# Warming Up



## Border (Oct 8, 2011)

In 20 degree F temps, how long do you guys let your tractors warmup before operating? Seems like it takes a long time for my hydraulics to get working, 15 or 20 minutes ? Does that seem right ? Thanks in advance for any replies.


----------



## Hoodoo Valley (Nov 14, 2006)

I have a 990 and I wait until the temp needle just starts to move at the soonest. The time seems a bit much. Have you tried deadheading the hydraulics several times to see if that helped? What sort of hydraulic fluid you running in it?
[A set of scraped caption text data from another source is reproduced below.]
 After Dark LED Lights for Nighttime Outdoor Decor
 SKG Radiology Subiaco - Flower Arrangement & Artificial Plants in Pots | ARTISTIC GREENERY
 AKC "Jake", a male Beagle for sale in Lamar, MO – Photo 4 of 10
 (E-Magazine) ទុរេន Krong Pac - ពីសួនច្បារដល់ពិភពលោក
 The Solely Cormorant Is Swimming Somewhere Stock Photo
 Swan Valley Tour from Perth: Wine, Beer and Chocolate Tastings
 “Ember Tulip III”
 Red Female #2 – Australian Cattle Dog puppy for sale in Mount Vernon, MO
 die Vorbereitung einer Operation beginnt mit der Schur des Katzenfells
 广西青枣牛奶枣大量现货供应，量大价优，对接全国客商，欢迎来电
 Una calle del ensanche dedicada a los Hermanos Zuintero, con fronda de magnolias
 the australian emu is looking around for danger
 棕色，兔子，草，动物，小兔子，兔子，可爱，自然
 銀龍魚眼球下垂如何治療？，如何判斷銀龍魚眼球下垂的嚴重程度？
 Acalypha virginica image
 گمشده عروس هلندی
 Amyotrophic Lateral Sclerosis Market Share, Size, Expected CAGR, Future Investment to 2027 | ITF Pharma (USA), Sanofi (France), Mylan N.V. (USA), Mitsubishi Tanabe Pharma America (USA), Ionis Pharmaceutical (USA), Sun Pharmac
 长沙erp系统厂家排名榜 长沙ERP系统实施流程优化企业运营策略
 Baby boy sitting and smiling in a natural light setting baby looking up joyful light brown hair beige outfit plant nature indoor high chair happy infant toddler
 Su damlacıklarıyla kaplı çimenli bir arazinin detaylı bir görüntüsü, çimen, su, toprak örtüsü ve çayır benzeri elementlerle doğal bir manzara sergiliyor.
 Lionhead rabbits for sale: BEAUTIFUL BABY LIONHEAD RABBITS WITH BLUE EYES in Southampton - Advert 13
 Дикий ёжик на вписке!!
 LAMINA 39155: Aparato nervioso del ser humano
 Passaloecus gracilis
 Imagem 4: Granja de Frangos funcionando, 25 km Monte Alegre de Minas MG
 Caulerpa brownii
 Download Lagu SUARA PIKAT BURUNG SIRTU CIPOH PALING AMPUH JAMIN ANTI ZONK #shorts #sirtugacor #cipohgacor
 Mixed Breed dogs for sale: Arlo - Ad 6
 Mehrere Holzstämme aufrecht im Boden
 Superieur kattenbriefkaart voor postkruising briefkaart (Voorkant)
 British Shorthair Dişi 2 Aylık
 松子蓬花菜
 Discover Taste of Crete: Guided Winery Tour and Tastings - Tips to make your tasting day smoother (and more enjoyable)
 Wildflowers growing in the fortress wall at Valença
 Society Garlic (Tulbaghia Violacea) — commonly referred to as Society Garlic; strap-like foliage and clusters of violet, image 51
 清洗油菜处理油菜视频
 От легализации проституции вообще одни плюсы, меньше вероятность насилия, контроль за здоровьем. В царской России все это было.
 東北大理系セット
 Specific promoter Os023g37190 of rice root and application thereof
How long since you changed it and the filter?


----------



## Thomas (Nov 1, 2006)

I let my tractor warm up good 15 min at those temps even longer colder,than I slowly rise front longer up and down the roll bucket,also raise/lower 3 point hitch couple times.


----------



## urednecku (Aug 29, 2007)

Don't know....I don't have to worry about that here in the center of the "sunshine state"!! NANA



(Sorry, couldn't help it!)


----------



## Hoodoo Valley (Nov 14, 2006)

urednecku said:


> Don't know....I don't have to worry about that here in the center of the "sunshine state"!! NANA
> 
> 
> 
> (Sorry, couldn't help it!)


Do you like.... have oranges growing down there?:lmao: It was 15 degreesy and we got 8 inches of snow the other day. Bummer.


----------



## urednecku (Aug 29, 2007)

tractor beam said:


> Do you like.... have oranges growing down there?:lmao: It was 15 degreesy and we got 8 inches of snow the other day. Bummer.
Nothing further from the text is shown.